Плохо освещенный шкаф только усиливал мое любопытство. В одном углу горой стояли коробки из-под обуви, но, открыв какую-нибудь из них, можно было обнаружить что угодно: от пачки писем, которые я не могла прочитать, до ни разу не использованных украшений, за находку которых бабушка меня благодарила. Были там и старые семейные фотографии, которые я часто пересматривала. Я могла легко вообразить бабушку молодой, не такой, какая сейчас стояла рядом. Ей было всего сорок семь лет, но она успела дважды развестись, воспитать пять девочек и уже имела девять внуков и внучек с ожидаемым в квартире наверху десятым. Я подошла к ее шкафу и вытащила мой любимый набор фотографий из зеленой коробки в углу. Раскладывая их перед собой, я заметила несколько снимков, которые раньше никто не показывал и не выставлял на всеобщее обозрение, так что я могла спрашивать о них. Я всегда задавала какие-то вопросы, и бабушка была одной из немногих, кто даже не пытался меня остановить.

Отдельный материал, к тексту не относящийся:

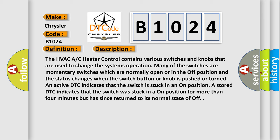An active DTC indicates that the switch is stuck in an on position. A stored DTC indicates that the switch was stuck in an on position for more than four minutes but has since returned to its normal state of off.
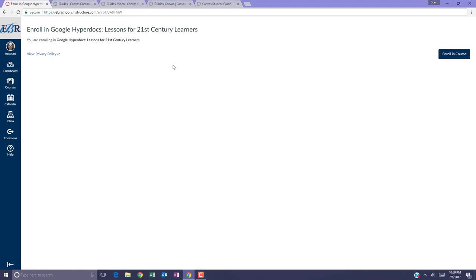Canvas will prompt you that you are enrolling in the course. Select the Enroll In Course button.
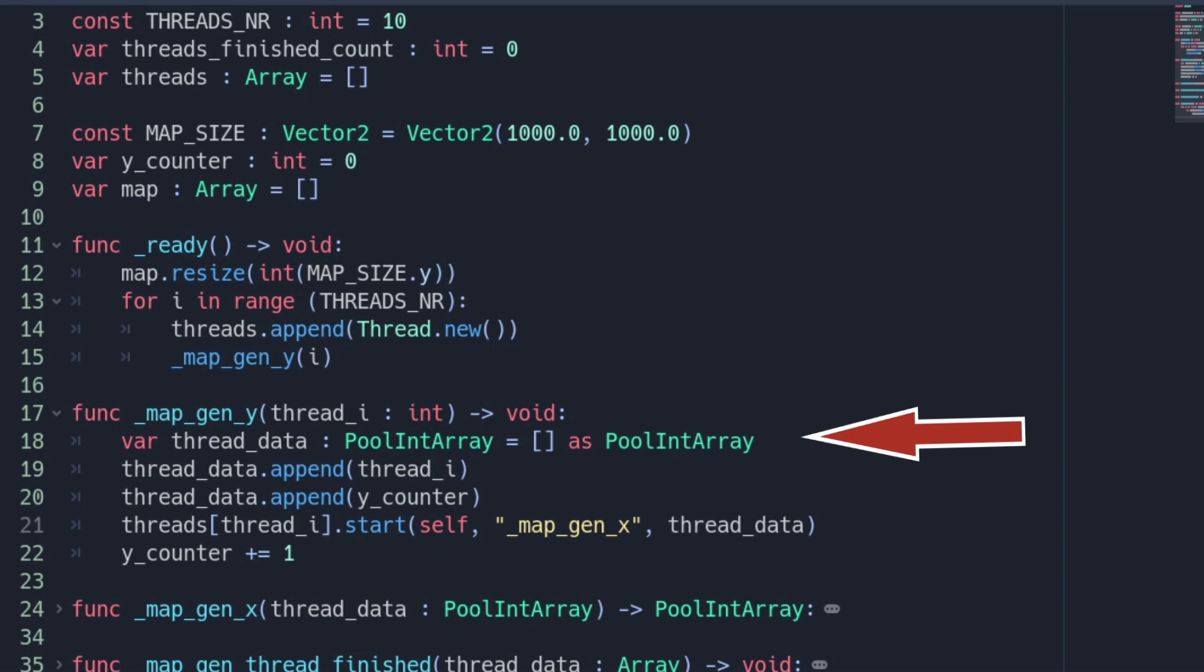In my example a PoolIntArray. This will contain the data required within the thread. The thread id and the actual y value of the y_counter member variable. Now we can start one of the threads from the thread array based on the index and calling the function mapgen_x with the argument thread_data. Last step the y_counter must be incremented to prepare for the next line.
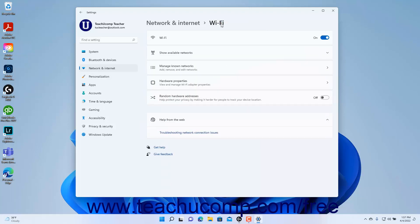To enable random hardware addresses for the Wi-Fi networks you join in Windows 11, click the Random Hardware Addresses Settings toggle switch to set it to the On position. When enabled, this also turns on the same setting for the Wi-Fi networks you join. To close the Settings app window when finished, click the X button in its upper right corner.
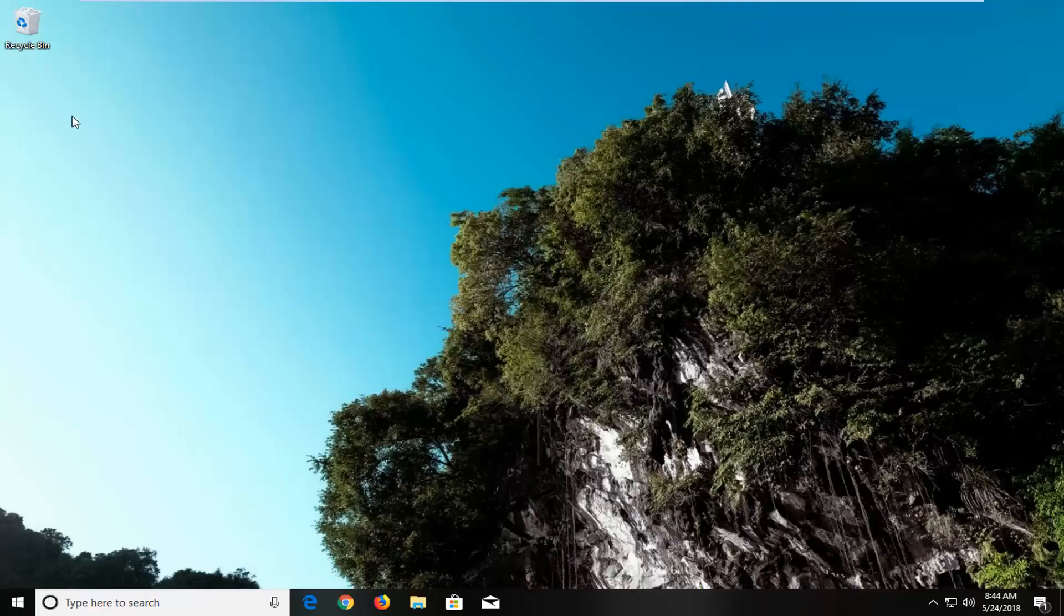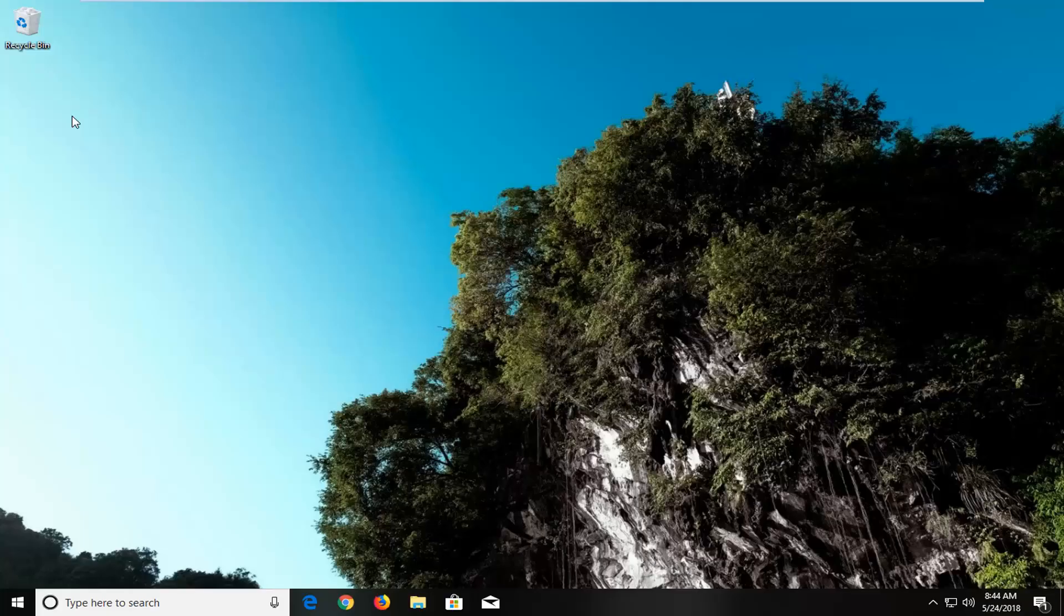In today's tutorial, I'm going to show you guys how to manually change the time on your Windows 10 computer. So this should hopefully be a pretty straightforward tutorial and without further ado, let's jump right into it.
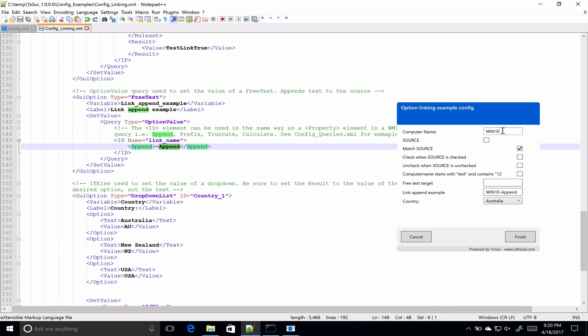So, hopefully that covers everything you need to know about option linking and conditional logic. If you have any questions, issues, bug reports, etc. As usual, please get in touch via the 20Road.com website. Thanks very much.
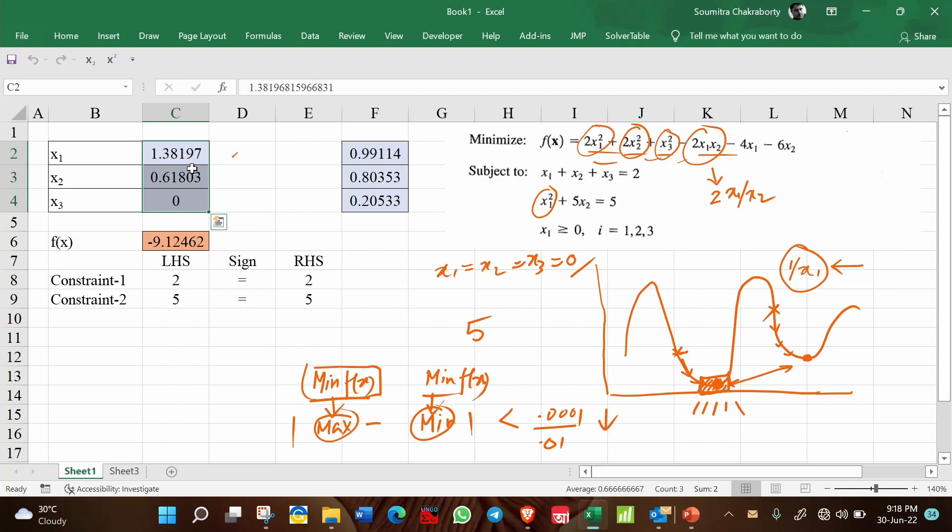So it is a good practice that you never start with 0,0 solution. Start with 1,1 or 1,2 or 1,2,3. Any particular finite value should be selected. And that is all about this problem and the use of GRG solver in solving the non-linear optimization models.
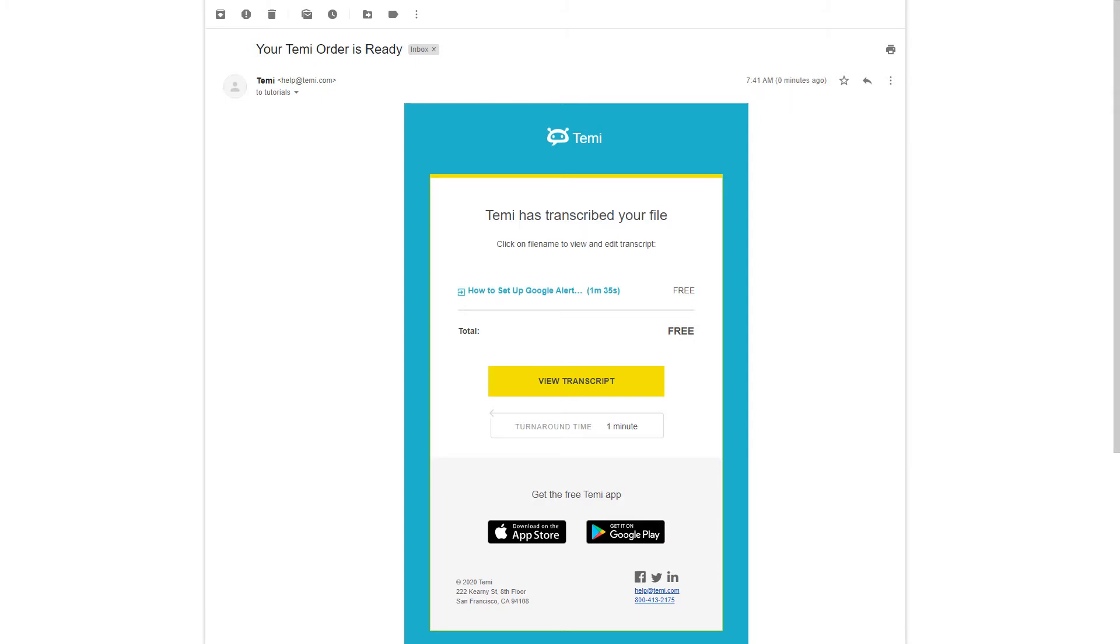When your transcript is ready, Temi will send you an email with the final cost and a link to your document. Your first transcript, up to 45 minutes, is free. Now click view transcript to see the results.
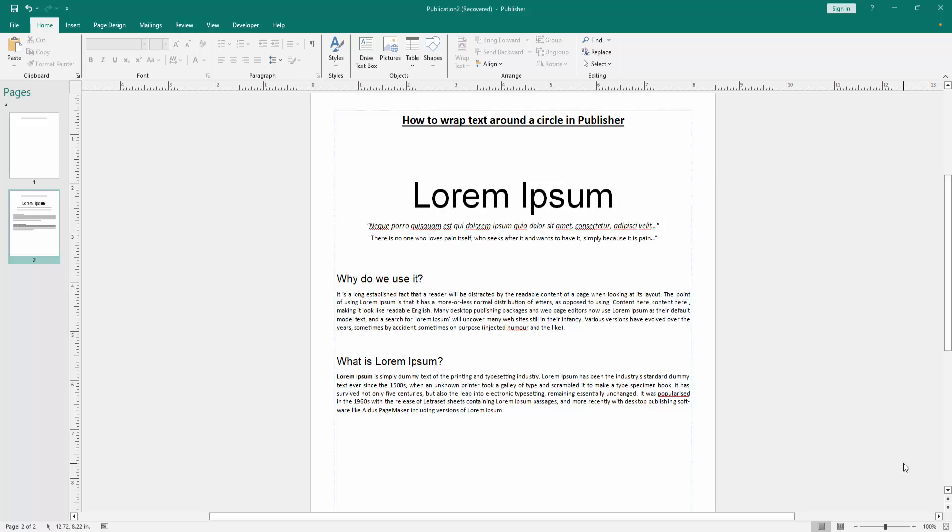In this video, I am going to show you how to wrap text around a circle in Microsoft Publisher. Let's get started.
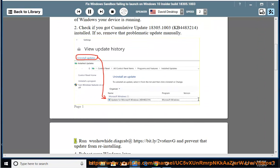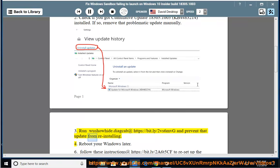3. Run wushowhide.diagcab at https://bit.ly/2vs6mvg and prevent that update from reinstalling. 4.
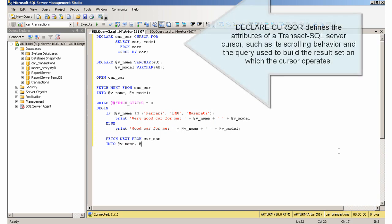DECLARE CURSOR defines the attributes of a Transact-SQL Server cursor, such as its scrolling behaviour and the query used to build the result set on which the cursor operates.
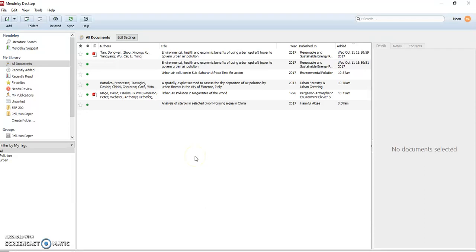Hello, in this video I'm going to talk about how to deal with duplicate references in Mendeley.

На одном старом снимке бабушка сидела на углу кровати в помещении, похожем на гостиничный номер. На ее лице расплывалась знакомая улыбка с широко расставленными зубами; она слегка откинулась, обнажив приличную часть бедра в доходящем едва ли не до пояса разрезе облегающего платья. Эта фотография была второй среди моих самых любимых. В ней было столько всего, что я обожала. Бабушка. Красивое платье. Но самое замечательное – это ее прическа. Большой круг «афро», образующий ореол вокруг ее сияющего лица с едва изогнутыми бровями. Ей нравилось подчеркивать свою красоту, и она всегда старалась выглядеть на все сто. Ни на одной фотографии она не казалась неряшливой, презирая это качество и в других людях. Она не находила никаких оправданий небрежности, особенно для себя. В моем представлении бабушка сразу пришла в мир красивой женщиной и продолжала ею быть, потому что именно этого и хотела. Она выбирала правильную одежду, правильные прически, правильные обувь и мебель. Не знаю даже как. Просто по наитию.
Бабушка даже с Богом говорила правильно. Когда мы ходили в церковь вместе и пастор приглашал собравшихся вознести хвалу Господу, горло у меня сжималось, а губы немели. Я уже знала наизусть несколько псалмов, но когда пыталась читать сама, пусть даже в безопасности запертой ванной, то всегда ощущала неловкость, видя свое отражение в зеркале. Бабушка же никогда не испытывала неловкости. По призыву пастора она с легкостью выдавала целую тираду на непонятном наречии. Судя по реакции окружающих, это был некий священный язык. После одного такого случая я спросила ее, о чем она говорила.
– Ты не поймешь, – ответила она. – Это способ, которому меня научил Бог для общения с Ним. Это особый язык для нас двоих. Для тебя он всегда будет звучать непонятно.
Однажды я притворилась, будто понимаю. После особенно бурной и эмоциональной воскресной проповеди тогдашнего пастора бабушка собралась с силами, взяла меня за руку и протиснулась к алтарю. Подойдя ближе к кафедре, я увидела, как пастор прикасается ко лбам других прихожан, молится за них, а затем как будто с силой толкает их на пол. Служки, мужчины и женщины в черных одеждах и белых перчатках, поспешно накрывали корчащихся в религиозном экстазе верующих короткими красными покрывалами. Люди на полу смеялись и плакали одновременно. Мне казалось, что они выглядят глупо и немного страшно. Мы с бабушкой стояли в очереди, и когда пастор повалил ее на землю, я хотела ударить его в ответ, но потом услышала ее смех. Моя бабушка, как и все остальные люди под красными покрывалами, извивалась на полу, преисполненная ни с чем не сравнимой радостью Святого Духа. Когда я начала смеяться, один из служителей церкви бережно потянул меня на пол рядом с ней и набросил на меня свое покрывало.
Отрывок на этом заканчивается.